Selarasindo.com–Gelar aksi PERPAG pada Kamis 25 Oktober 2019, warga belum mendapatkan titik terang yang cukup berarti bagi keselamatan dan kelestarian Kawasan Bentang Alam Karst (KBAK) Gombong Selatan.
Seperti yang dirilis PERPAG ke media, Sabtu 27/10 menyambaikam bahwa ketidak-jelasan Pemda
dalam menyelesaikan permasalahan luasan KBAK yang telah hilang untuk area pertambangan semen berdampak
pada tata ruang wilayah yang akan di revisi pada tahun 2019, dimana sebagian kawasan lindung KBAK tersebut
akan diperuntukkan sebagai kawasan tambang.
Rekayasa Pengrusakan Alam tersistematis ini telah berlangsung
sejak 2012 lalu. Di tahun itu pula direktur PT Semen Gombong mengatakan telah mengantongi IUP tepat pada tahun terbitnya Peraturan Mentri ESDM No. 17, dimana hasil peraturan mentri tersebut membuahkan dicabutnya 3 Keputusan Mentri ESDM tentang perlindungan kawasan karst di Gunung Sewu, Sukolilo, dan Gombong.

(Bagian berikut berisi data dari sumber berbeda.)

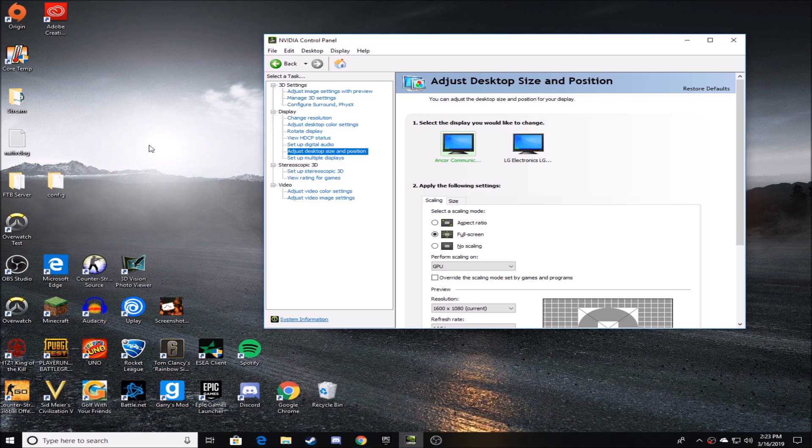Because if you have aspect ratio, depending on what kind of res you have, you're going to have black bars on the left and right side of your screen, which you do not want if you're playing stretch res. The whole purpose of this is to have your pixels be stretched across your screen.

Seiring dengan terbitnya Permen tersebut pemda Bupati Kebumen pada tahun 2013 mengajukan pengusulan
perubahan Kawasan Karst Lindung (KBAK) Gombong pun akhirnya hilang seluas 8,05Km2 melalui Kepmen
ESDM No. 3873 Tahun 2014, yang pada sejatinya kawasan tersebut adalah sumber mata air yang telah menghidupi
warga di kacamatan Buayan, Ayah, dan Rowokele, dimana mayoritas kawasan yang telah hilang tersebut adalah
area yang telah diambil alih oleh PT Semen Gombong dari warga setempat dengan ala orde baru sejak tahun 1994.
Kini warga tengah resah akan ancaman bencana banjir dan kekeringan setelah adanya perpanjangan IUP
Eksplorasi, di mana IUP yang sebelumnya hangus setelah proses AMDAL Pt Semen Gombong ditahun 2016
dinyatakan gagal dikarenakan ketidak lengkapan data ilmiah tentang peta hidrologi yang mendukung layaknya
operasi penambangan Pt Semen Gombong serta adanya penolakan dari warga PERPAG pada sidang AMDAL.

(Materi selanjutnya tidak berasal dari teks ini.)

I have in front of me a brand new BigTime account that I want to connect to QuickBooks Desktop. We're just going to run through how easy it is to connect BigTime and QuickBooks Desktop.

Baru – baru ini warga PERPAG bersama tim peneliti karstologi berhasil menemukan fakta terbaru, bahwa ternyata aliran sungai-sungai bawah tanah di pegunungan karst Gombong terbukti melintasi area IUP yang akan
direncanakan oleh Pt Semen Gombong untuk operasi penambangan, bahkan sungai-sungai itu pula melintasi di
bawah pemukiman penduduk.
Tidak seperti yang pernah diisukan sebelumnya oleh beberapa oknum yang pro pertambangan bahwa aliran sungai di kawasan karst berputar diluar melingkari area IUP Pt Semen Gombong
ternyata adalah upaya manipulasi fakta.
Namundari pengusuan pemda yang cacat hukum di Tahun 2013 tersebut.

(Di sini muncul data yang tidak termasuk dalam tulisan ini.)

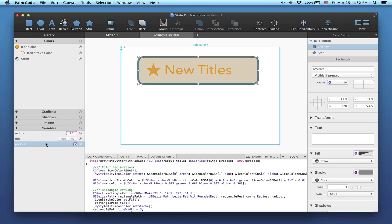This pressed variable is also turned into a parameter of the drawing method. It will tell the method whether it should draw the button pressed or not. This is how we integrate all this into your Xcode project.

Pada aksi 25Oktober tersebut selain warga menuntut agar dicabutnya perpanjangan IUP PT. Semen Gombong serta menolak rencana revisi Perda RTRW yang akan menjadikan 8,05Km2 untuk wilayah pertambangan, warga pula menuntut kepada Bupati Kebumen untuk diusulkan kembali kepada Kementrian ESDM sebagai kawasan lindung ekosistem karst, namun hingga kini tidak ada upaya sedikitpun dari Pemeritah Kabupaten Kebumen untuk
mengembalikan kembali kawasan lindung KBAK yang telah hilang tersebut, bahkan terkesan melindungi
kepentingan korporasi yang akan merusak kelestarian KBAK Gombong.
Adi H Budiawan dari perpag dalam rilisnya menyatakan bahwa proses mediasi yang sengit dan alot hingga jam 4 Sore, aksi 25Oktober tersebut dihasilkan suatu
kesepakatan yakni:
1. Pemda akan melakukan pembentukan tim untuk penyelidikan Kawasan Karst sesuai perundang-undangan
yang berlaku guna pengusulan kembali KBAK Gombong selambat-lambatnya 8 November 2018, dan
2. DPRD akan memastikan dinas Pemda Kab. Kebumen sebagai mana point 1 (satu) di atas dan membantu
berkomunikasi dengan Bupati dalam memastikan peninjauan kembali KBAK.
Pada dasarnya hasil capaian warga pada aksi 25 Oktober 2018 lalu akan sia – sia karena sangat rawannya penyelewengan dari kesepakatan diatas,
Sudah menjadi tugas kita semua sebagai manusia yang masih ingin tetap
melestarikan bumi tempat bermain, dan berlindung anak-cucu ini sirna secara turun-temurun hingga tidak ada lagi
peradaban manusia di atas bumi kita tercinta ini, untuk tetap mengawal dan mengawasinya. (SH).